# [Description of the task]
Leaving pictures out, repeat word for word the line that has "this 512×768 image." and each line that follows it to the end of the listing.

# [Exercise data]
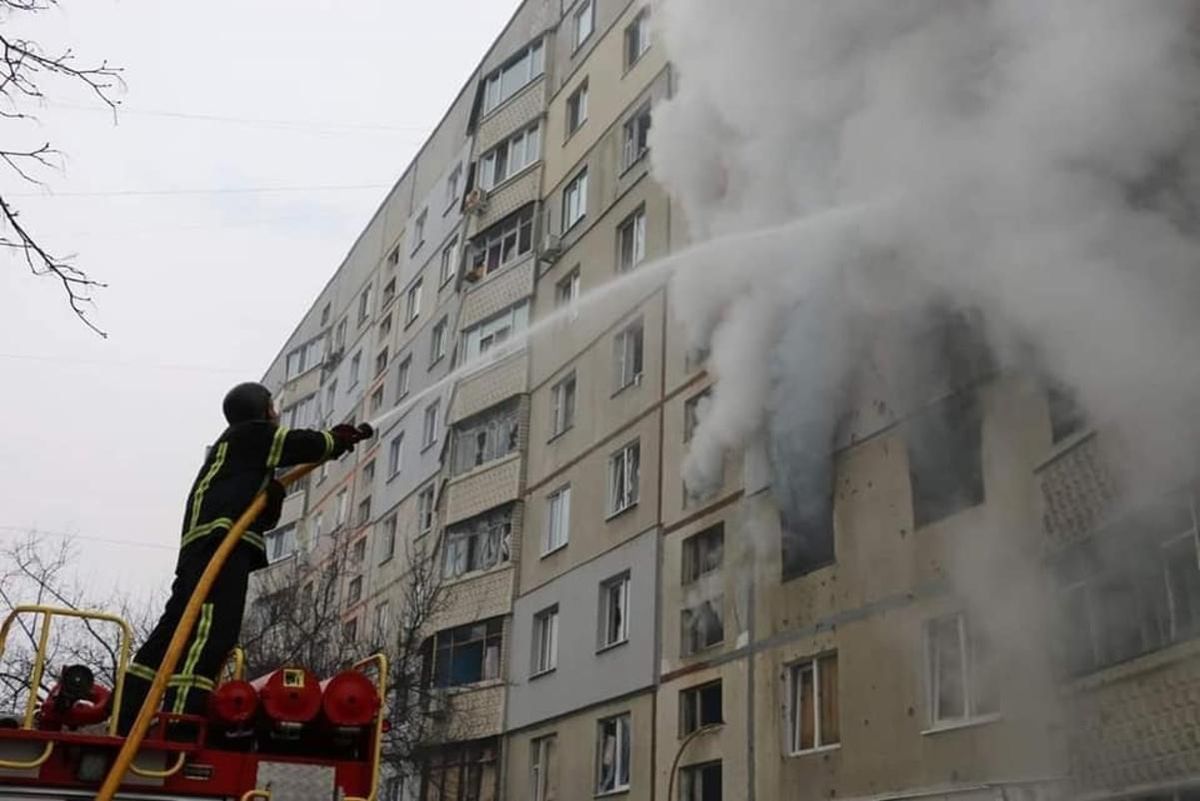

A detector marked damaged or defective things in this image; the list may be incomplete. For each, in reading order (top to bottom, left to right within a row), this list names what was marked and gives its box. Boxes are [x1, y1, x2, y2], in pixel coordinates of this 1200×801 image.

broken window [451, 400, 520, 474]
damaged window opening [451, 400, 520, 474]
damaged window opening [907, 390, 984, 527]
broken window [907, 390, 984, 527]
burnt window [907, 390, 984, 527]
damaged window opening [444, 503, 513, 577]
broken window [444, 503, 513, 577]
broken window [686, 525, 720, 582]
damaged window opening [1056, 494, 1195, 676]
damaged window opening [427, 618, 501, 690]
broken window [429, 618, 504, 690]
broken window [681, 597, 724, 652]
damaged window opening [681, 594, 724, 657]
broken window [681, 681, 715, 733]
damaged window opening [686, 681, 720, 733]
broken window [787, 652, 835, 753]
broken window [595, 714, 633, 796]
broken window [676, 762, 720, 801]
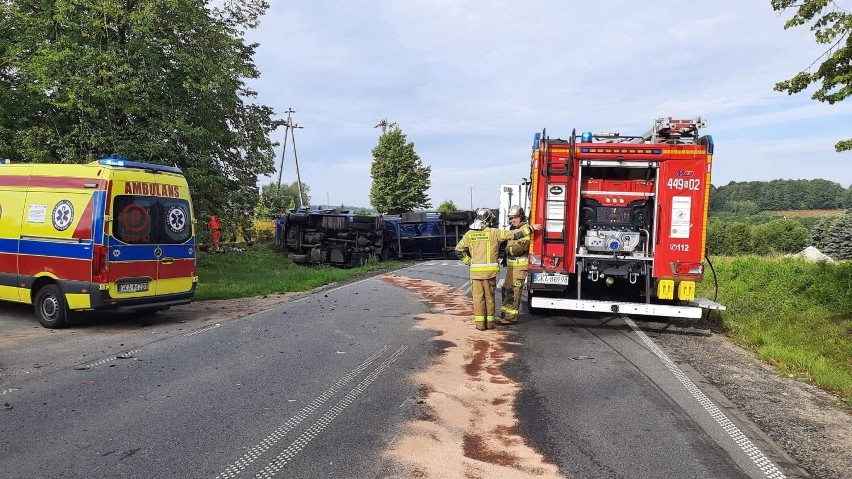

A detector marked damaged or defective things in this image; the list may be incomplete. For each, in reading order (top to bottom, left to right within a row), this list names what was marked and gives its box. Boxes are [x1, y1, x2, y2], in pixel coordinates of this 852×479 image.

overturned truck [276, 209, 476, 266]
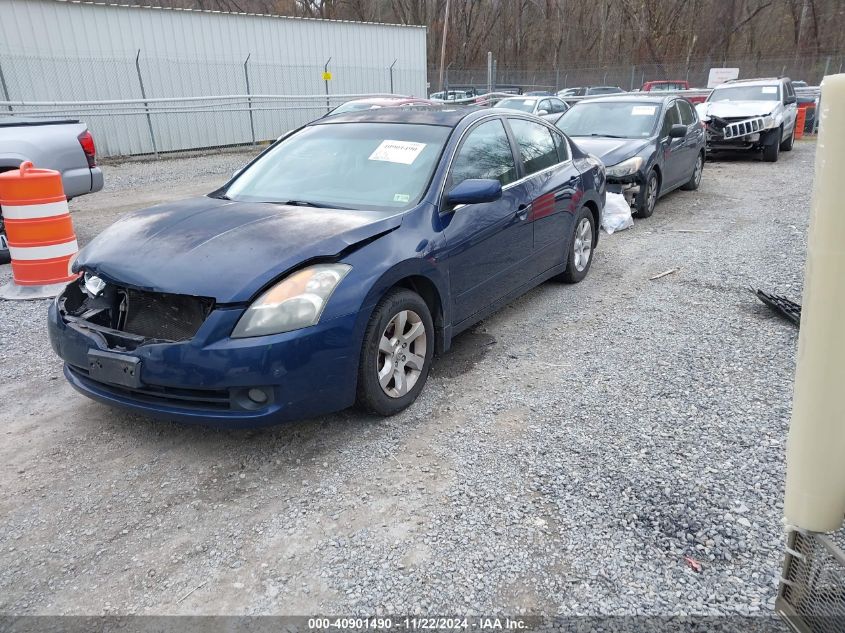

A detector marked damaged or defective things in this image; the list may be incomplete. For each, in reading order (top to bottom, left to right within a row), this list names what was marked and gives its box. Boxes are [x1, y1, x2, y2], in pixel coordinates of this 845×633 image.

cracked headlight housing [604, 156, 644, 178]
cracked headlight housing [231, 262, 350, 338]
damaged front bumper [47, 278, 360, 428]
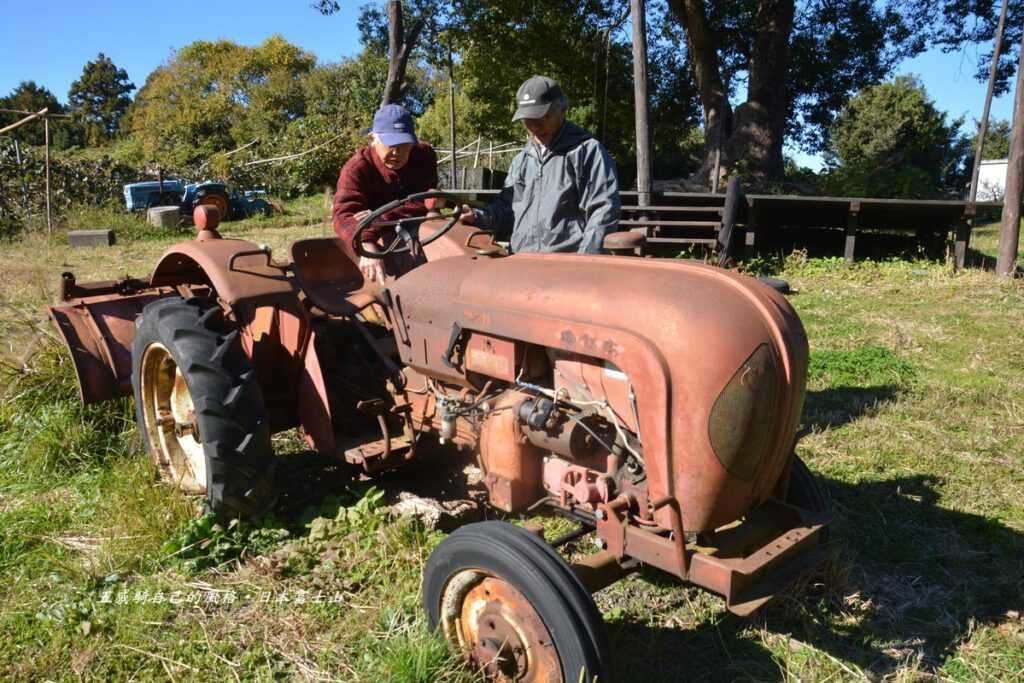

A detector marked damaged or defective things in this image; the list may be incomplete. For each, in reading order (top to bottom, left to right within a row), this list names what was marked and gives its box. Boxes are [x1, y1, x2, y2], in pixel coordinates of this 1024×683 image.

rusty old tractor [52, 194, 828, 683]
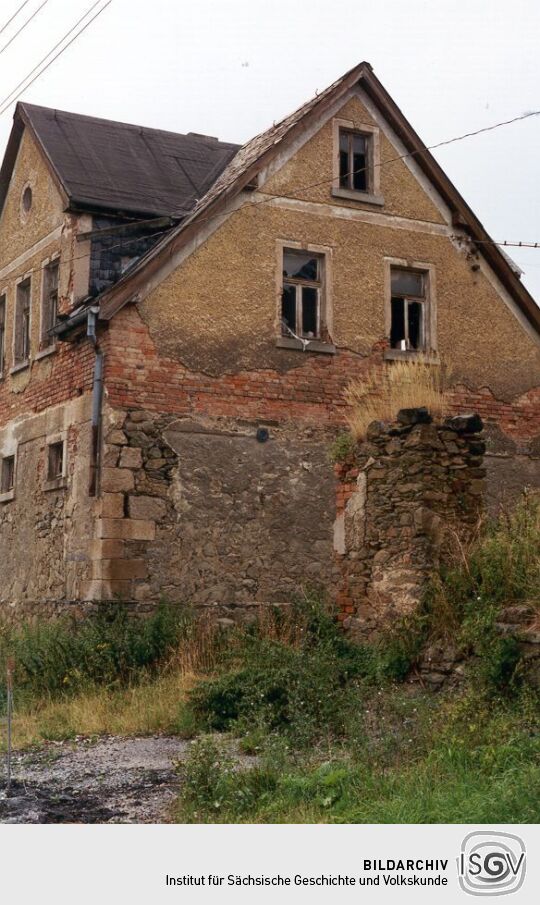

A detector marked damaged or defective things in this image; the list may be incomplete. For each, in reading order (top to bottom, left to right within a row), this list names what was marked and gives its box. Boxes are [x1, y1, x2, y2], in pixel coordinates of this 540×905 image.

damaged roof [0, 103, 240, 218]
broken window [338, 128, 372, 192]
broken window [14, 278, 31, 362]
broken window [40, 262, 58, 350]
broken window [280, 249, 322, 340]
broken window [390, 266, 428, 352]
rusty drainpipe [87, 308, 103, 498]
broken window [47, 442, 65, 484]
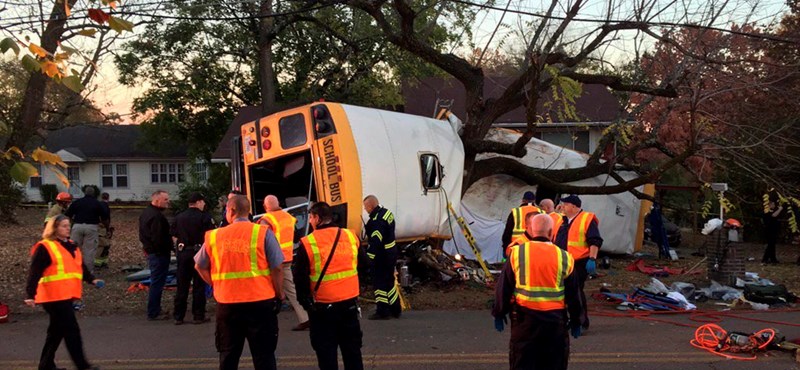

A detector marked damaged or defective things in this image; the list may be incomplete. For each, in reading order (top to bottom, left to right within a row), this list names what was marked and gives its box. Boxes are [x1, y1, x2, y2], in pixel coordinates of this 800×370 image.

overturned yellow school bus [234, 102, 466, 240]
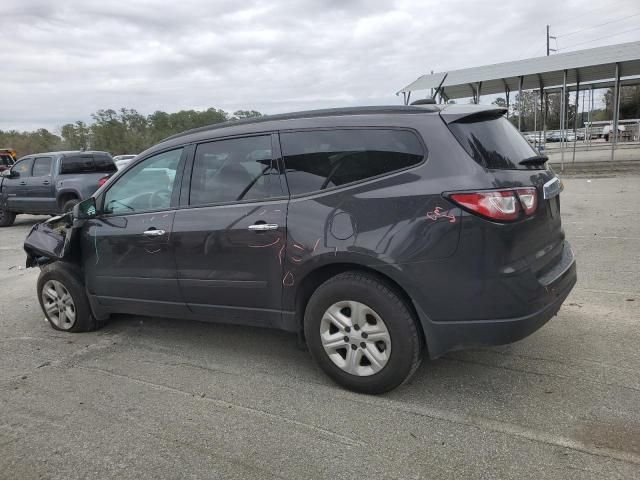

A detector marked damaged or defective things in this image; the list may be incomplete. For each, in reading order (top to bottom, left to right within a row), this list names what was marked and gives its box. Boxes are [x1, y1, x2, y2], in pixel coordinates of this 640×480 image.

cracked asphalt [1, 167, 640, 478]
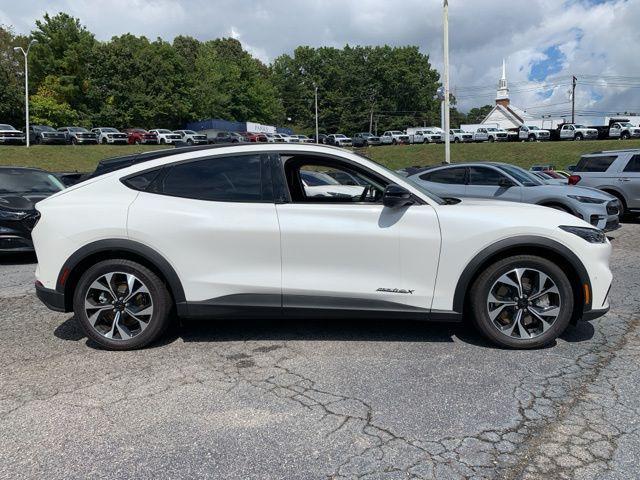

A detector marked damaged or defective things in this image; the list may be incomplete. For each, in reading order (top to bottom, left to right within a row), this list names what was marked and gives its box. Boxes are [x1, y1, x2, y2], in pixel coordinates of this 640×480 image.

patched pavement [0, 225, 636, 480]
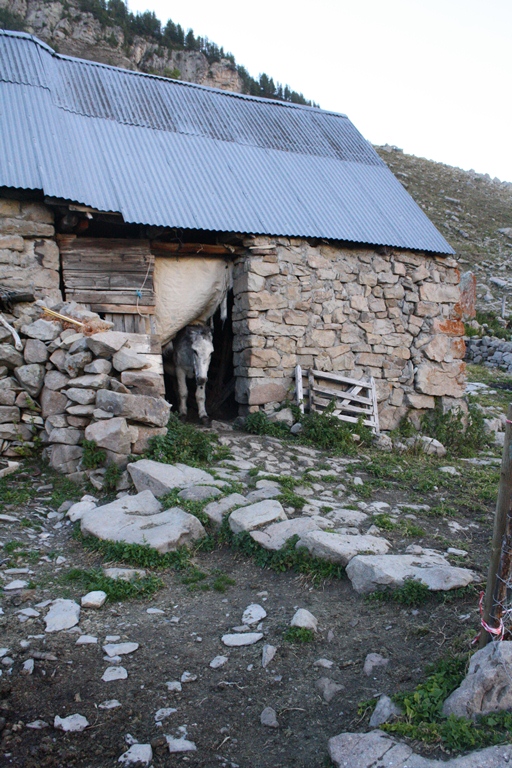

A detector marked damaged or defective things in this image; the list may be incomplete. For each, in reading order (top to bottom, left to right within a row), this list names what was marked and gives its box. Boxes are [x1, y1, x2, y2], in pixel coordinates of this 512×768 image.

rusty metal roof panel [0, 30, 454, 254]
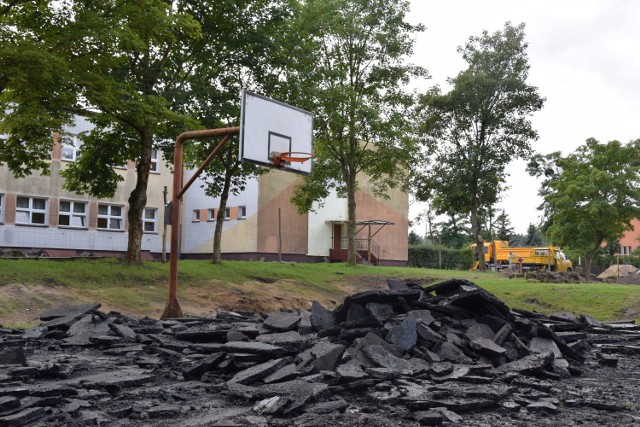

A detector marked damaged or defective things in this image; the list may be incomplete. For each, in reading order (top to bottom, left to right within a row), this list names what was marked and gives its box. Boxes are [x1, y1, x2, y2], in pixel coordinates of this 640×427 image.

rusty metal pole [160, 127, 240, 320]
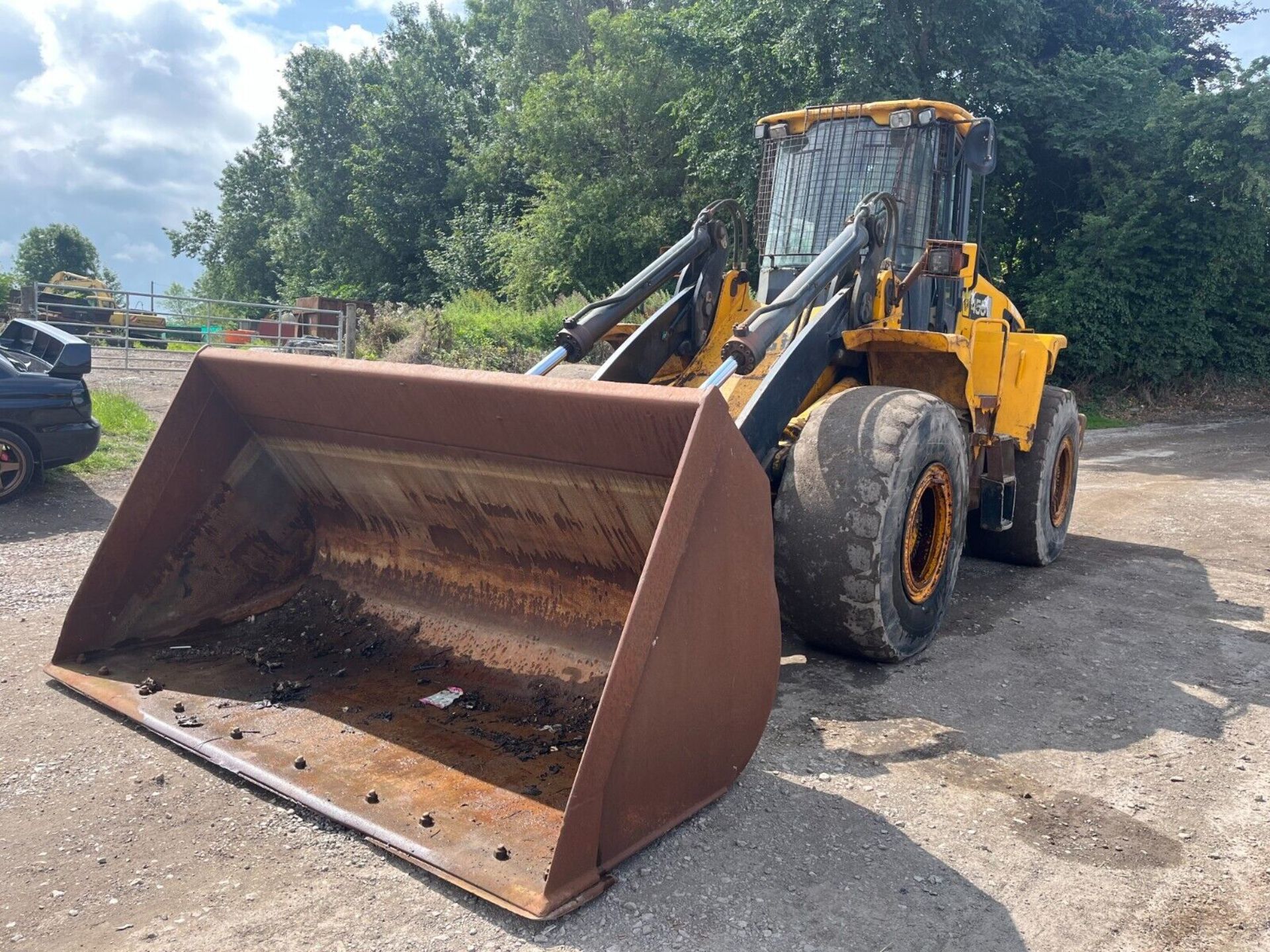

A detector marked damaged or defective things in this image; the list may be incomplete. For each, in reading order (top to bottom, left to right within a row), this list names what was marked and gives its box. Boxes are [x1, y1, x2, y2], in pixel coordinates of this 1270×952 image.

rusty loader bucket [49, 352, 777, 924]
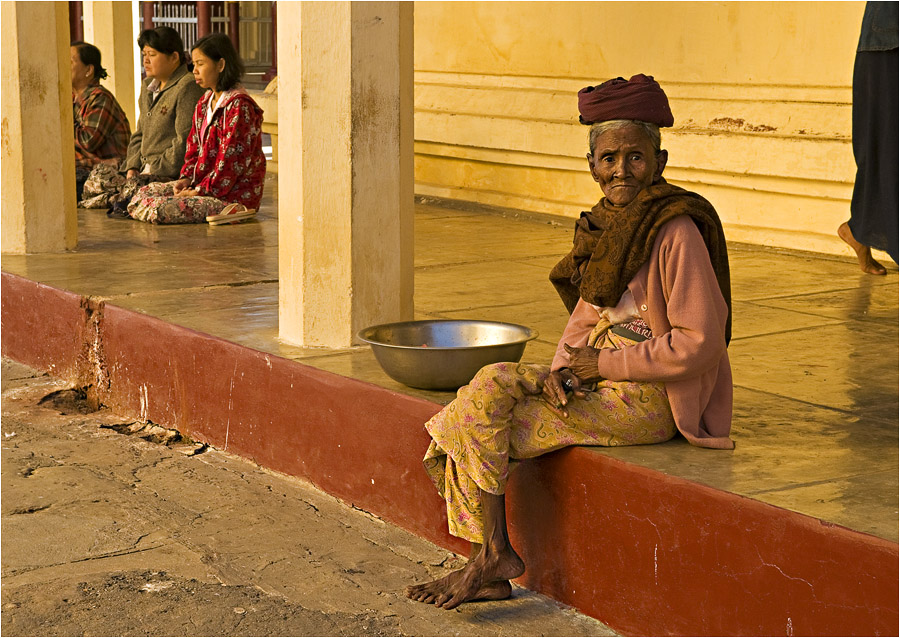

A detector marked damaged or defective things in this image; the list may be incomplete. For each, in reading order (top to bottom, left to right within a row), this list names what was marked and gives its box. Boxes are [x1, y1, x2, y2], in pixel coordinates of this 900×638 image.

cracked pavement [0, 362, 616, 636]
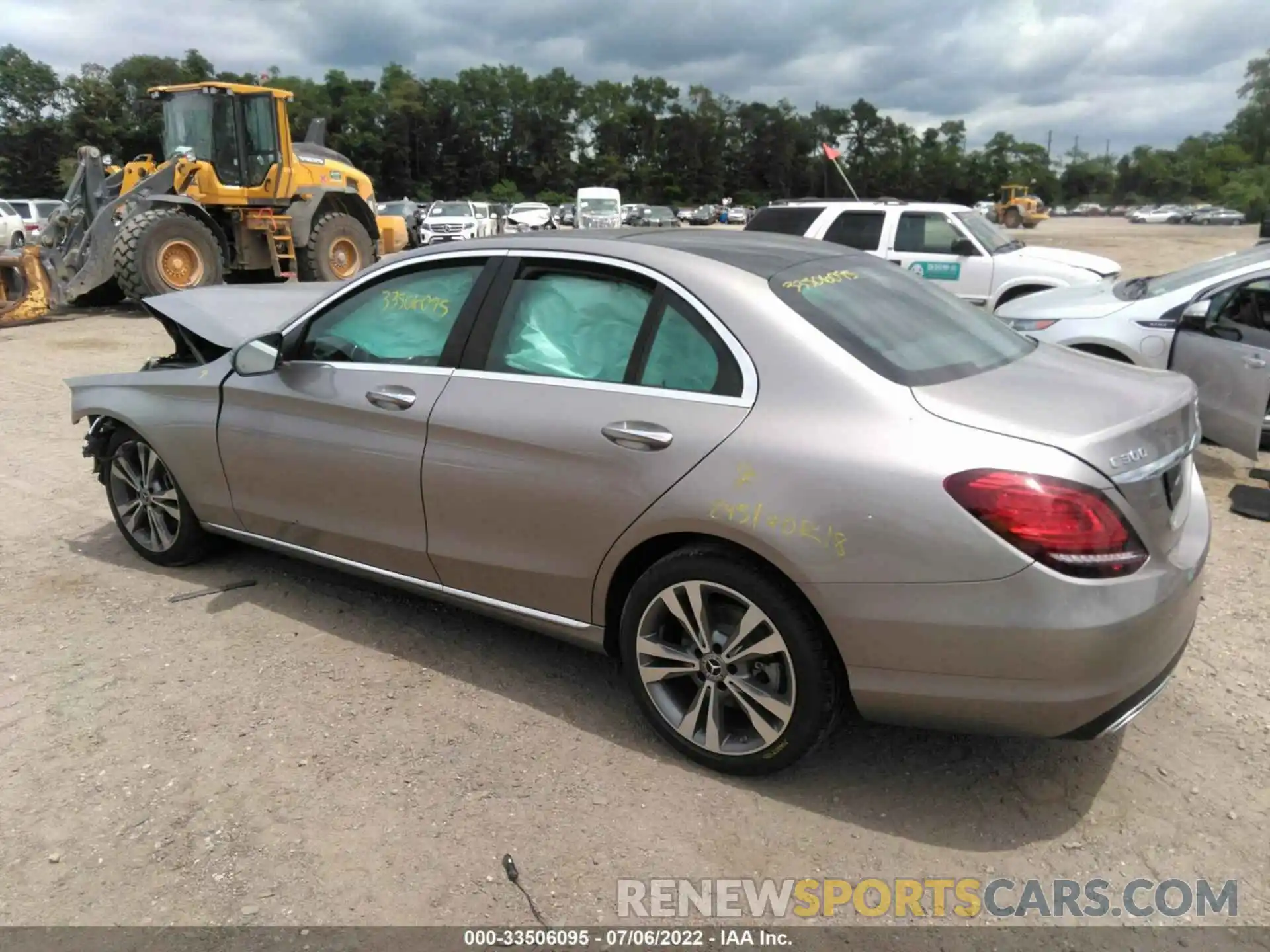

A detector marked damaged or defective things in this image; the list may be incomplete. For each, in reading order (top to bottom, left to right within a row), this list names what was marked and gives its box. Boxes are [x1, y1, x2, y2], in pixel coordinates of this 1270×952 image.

# [Result of the exercise]
A detector marked damaged or defective things in this image; the list may be incomplete. For each, in reading order (top to bottom, left to right within a row), this list names what was marked and gives its box. Boxes are [x1, y1, x2, y2], in pixel coordinates of this 512×768 image.

rusty metal roof panel [0, 30, 454, 254]

A detector marked damaged or defective things in this image; the list may be incomplete. For each, in reading order (top to bottom, left to right within a row), this list names what was marked and gives its box. Boxes are [x1, y1, x2, y2], in pixel coordinates of this 640×427 image.

rusty metal pole [160, 127, 240, 320]

A detector marked damaged or defective things in this image; the list may be incomplete. For each, in reading order (top to bottom, left to right within a row), this list names what was marked and gives its box. Boxes are [x1, y1, x2, y2], in pixel coordinates of this 1270×952 image.

rusty loader bucket [49, 352, 777, 924]

A detector marked damaged or defective things in this image; the list may be incomplete. For each, in reading order (top to bottom, left to right within a row), this list names what was marked and gives its box. Boxes are [x1, y1, x2, y2], in pixel coordinates of this 900×638 image.

cracked pavement [0, 362, 616, 636]

A detector marked damaged or defective things in this image; the list may be incomplete. For each, in reading order (top to bottom, left to right within a row), this list names what was marked and gives its box. Boxes are [x1, y1, x2, y2], in pixel coordinates of this 1270×952 image.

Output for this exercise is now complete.